FIG. 14 shows the guide operating unit 50a and the reversing unit 51 of the guide unit 50 in more detail. The guide operating unit 50a has a guide finger 59, a cylinder actuator 57, and a base 58. The rear end of the cylinder actuator 57 is joined pivotally with a pin 58a to the base 58, and the front end of the cylinder actuation 57 is joined pivotally with a pin 58b to the guide finger 59 to turn the guide finger 59 on a pin 56. When the operating shaft of the cylinder actuator 57 is retracted, the guide finger 59 turns on the pin 56 in an opening direction and, when extended, in a closing direction. Preferably, the guide finger 59 is provided with an L-shaped tip 59a as shown in FIG. 15. The operation of the cylinder actuator 57 is controlled by the NC unit 170, which will be described later.

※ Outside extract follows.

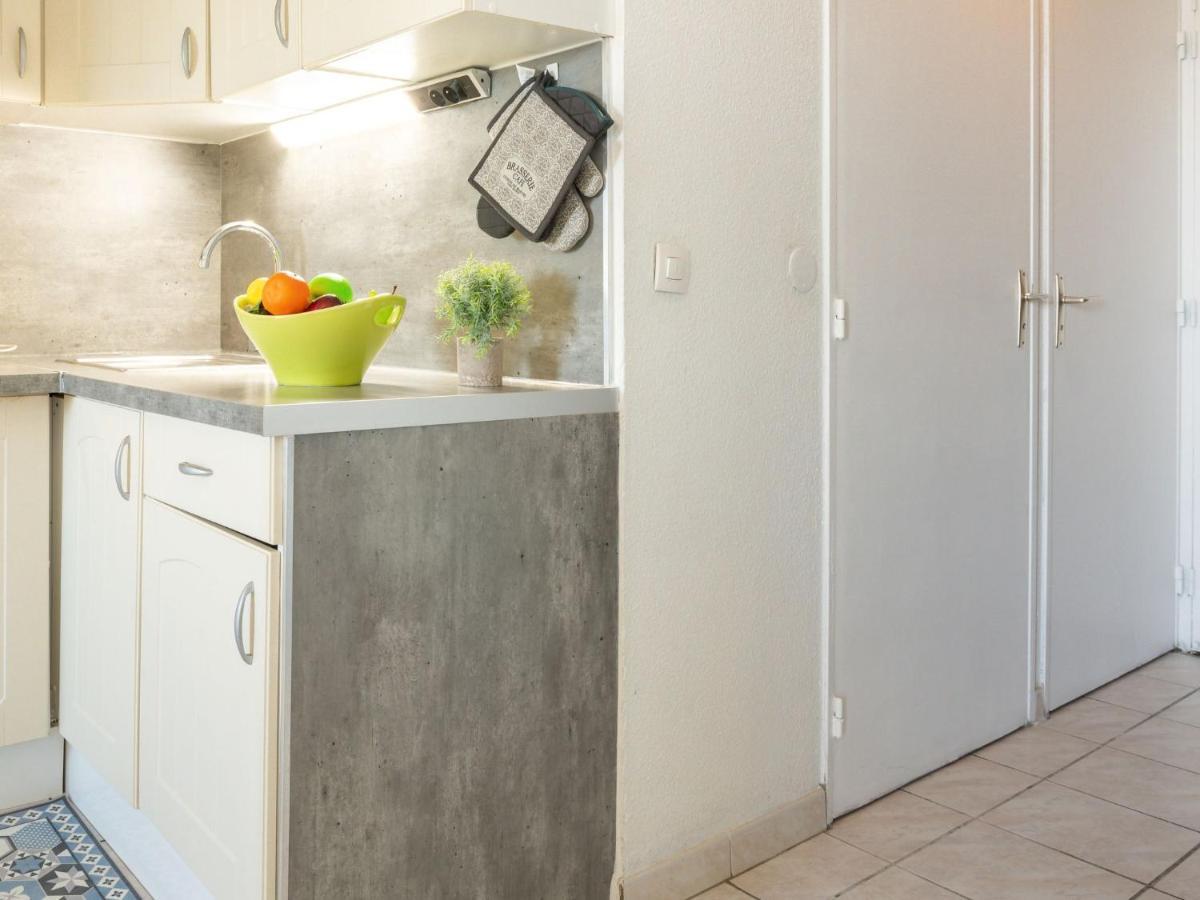 Apartment Copacabana-28 By Interhome Canet-en-Roussillon Exterior foto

The reversing unit 51 has a reversing base 60, a bearing housing 61, a reversing shaft 62, a coupling 63, a rotary actuator 64, and a sliding base 53. When the operating shaft of the rotary actuator 64 is turned pneumatically through an angle of 180°, the reversing shaft 62 connected to the output shaft of the rotary actuator 64 turns the reversing shaft 62 and the reversing base 60 through an angle of 180° in the reverse direction to turn the guide finger 59 together with the base 58 in the reverse direction.
The tension unit 90 is attached to a frame 91 as shown in FIG. 4. The tension unit 90 mechanically tensions the wire W supplied from a wire supply source, not shown, to supply the wire W to the wire feed unit 30 at an appropriate tension.

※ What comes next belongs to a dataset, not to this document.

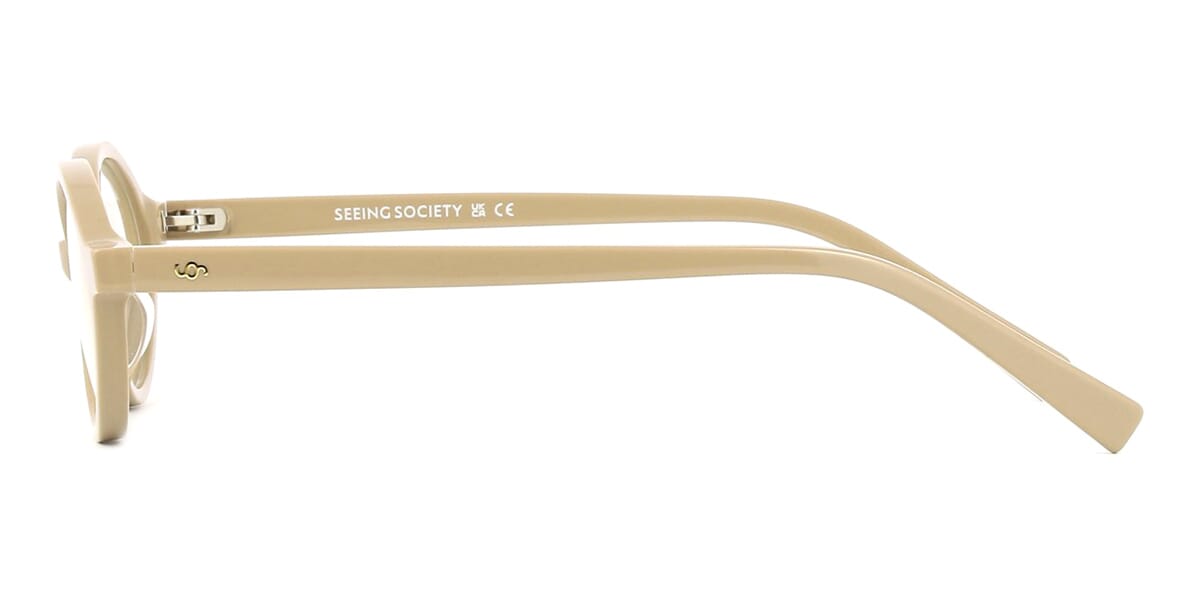 Seeing Society Corrie C4 Blue Control Glasses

The core holding unit 70 shown in FIG. 4 holds the core H shown in FIG. 2 and indexes the core H. As shown in FIG. 16, the core holding unit 70 has a holding plate 71, a rotary table 75 supported on the holding plate 71, a clamping unit 82 mounted on the holding plate 71 to hold the core H on the rotary table 75, and a clamp operating device 72. The rotary table 75 is turned for indexing through a toothed belt 74 by a servomotor 73.
Referring to FIG. 17, the clamp operating device 72 has a fixed plate 76 fixed to the base frame 10 (FIG. 4), a moving unit 77 capable of vertical movement, a lifting table 78 and an operating unit 83. The moving unit 77 has a cylinder actuator 80 fixedly held on the fixed plate 76, and a moving plate 81. When the operating shaft of the cylinder actuator 80 is extended, the moving plate 81 is moved through a predetermined distance along the Z-axis together with the lifting table 78 and the operating unit 83 to position the operating unit 83. The operation of the cylinder actuator 80 is controlled by the NC unit 170, which will be described later.

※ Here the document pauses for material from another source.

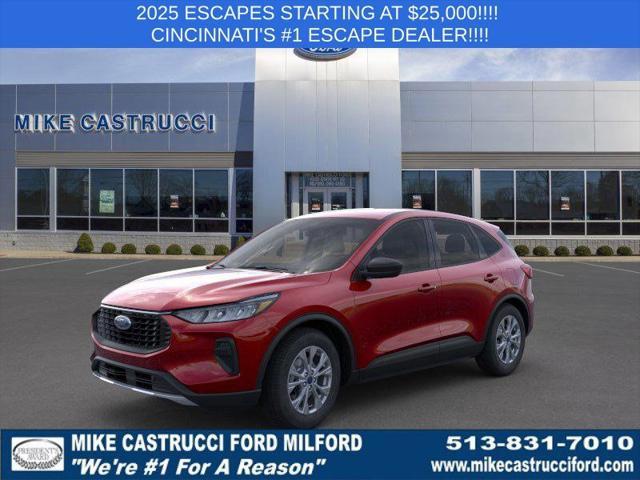 new 2025 Ford Escape car, priced at $26,000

Referring to FIG. 18, a core holder operating unit 79 comprises a clamping unit 82 and the operating unit 83. The clamping unit 82 is disposed under the holding plate 71 (FIG. 4), and the operating unit 83 is mounted on the lifting table 78, as shown in FIG. 17.
The clamping unit 82 comprises a pair of guide shafts 100, two pairs of left and right guide shafts 102 (only one pair of guide shafts 102 is shown in FIG. 18 for simplicity), a pair of sliders 103 and 104, a pair of guide shaft fixing blocks 105 and 106, and a pair of elastic sliders 107 and 108.
The operating unit 83 comprises operating members 110 and 111 for operating the elastic sliders 107 and 108, guide members 112 and 113 for linearly guiding the operating members 110 and 111, cylinder actuators 114 and 119, a guide rail 115, operating pins 116 and 117 for operating the sliders 103 and 104, and a pusher 118. The operation of the cylinder actuators 114 and 119 is controlled by the NC unit 170, which will be described later.
The pair of guide shafts 100 extend horizontally on the lower surface of the holding plate 71 and the two pairs of left and right guide shafts 102 are extended perpendicularly to the guide shafts 100 parallel to each other. The sliders 103 and 104 are guided by the guide shafts 100 and a roller support member 120 and a plate cam 121 are fixed to the slider 103. Two rollers 122 and 123 are supported on the roller support member 120. The plate cam 121 is provided with cam surfaces 121a, 12lb and 121c. Similarly, another roller support member 124 and a plate cam 125 are fixed to the slider 104, and two more rollers 126 and 127 are supported on the roller support member 124. The plate cam 125 is also provided with cam surfaces 125a, 125b and 125c. As shown in FIG. 19, the roller 122, as are rollers 123, 126 and 127, is supported for rotation by bearings 120b on a shaft 120a supported on the roller support member 120 (124). The rollers 122 and 123 are disposed in a V-shaped arrangement, and likewise the rollers 126 and 127 are disposed in an opposing V-shaped arrangement.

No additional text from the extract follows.